INVISIBLE CITIES

MASS MoCA • North Adams, MA • www.massmoca.org • Through February 4, 2013

Sopheap Pich, Compound, 2011
Sopheap Pich, Compound, 2011

Inspired by Italo Calvino’s classic book Invisible Cities, MASS MoCA curator Susan Cross has brought together ten leading artists from around the globe to ponder the surreal, increasingly urbanized world in which we live. Three powerful works form the exhibition’s core.

Miha Strukelj’s Melting Pot—a dramatic two-story-high charcoal and graphite wall drawing—conjures memories of recurring chaos and resilience, not only in his home country of Slovenia, but in any city. Layering pixilated images from cities around the world, Strukelj creates a ghostly scene of towering cranes, shifting buildings, and uncertain identity, while overhead, string extends into the room like telephone cables, and wooden platforms attached to the wall pull the viewer into the frame, connecting imagination to reality.

At the gallery’s other end, Nolli’s Orders, a new monumental sculpture by Syrian-American artist Diana Al-Hadid, rises like a mountainous landscape, beautiful in its flow of porcelain-like forms derived from Northern Renaissance paintings and Venetian architecture, and terrifying in its sense of melting, death, and collapse.

Between these works stand the tall, serene forms of Compound, Cambodian artist Sopheap Pich’s variation on his acclaimed work at the 2011 Singapore Biennale.
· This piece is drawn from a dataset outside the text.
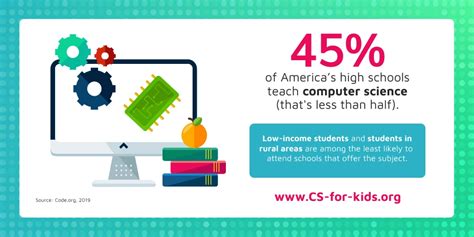 Computer Science Major Enrollment Over Time Chart 的图像结果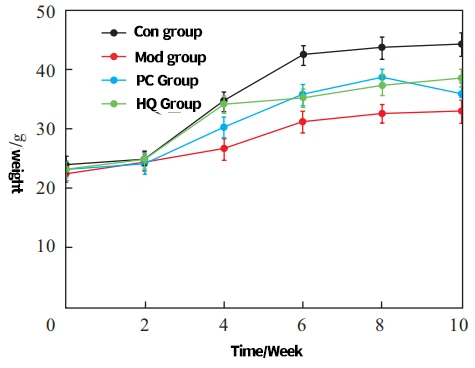 Fig. 3 The effect of Cistanche glycoside on the body weight of the aging model mice Fig. 3 The effect of Cistanche glycoside on the body weight of the aging model mice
Con-structed from bamboo and rattan, its pointed towers evoke the country’s rich culture and the bombs of its violent past, while exquisitely crafted rectangular units suggest both city-scapes and cages.

At the room’s far end, Francesco Simeti’s site-specific wallpaper, La citta d’oro (City of Gold), covers a vast wall with repetitive images from wars in Afghanistan and Asia, nuclear power plants, and deteriorating US cities, weaving among them a cloud motif blending smoke from pollution and explosions, all decoratively melding together like the evening news.

Other works include Cuban artist Carlos Garaicoa’s No Way Out, a rice-paper maquette of an illuminated city that is, in fact, a beautiful but entrapping maze; an untitled commission by North Adams artist Kim Faler; Emeka Ogboh’s Lagos Soundscape, and Liz Glynn’s Los Angeles documentaries linking myth and global capital. Futuristic hanging constructions by Seoul artist Lee Bul, paired with origami-like paintings by North Adams artist Mary Lum, create an elegant coda.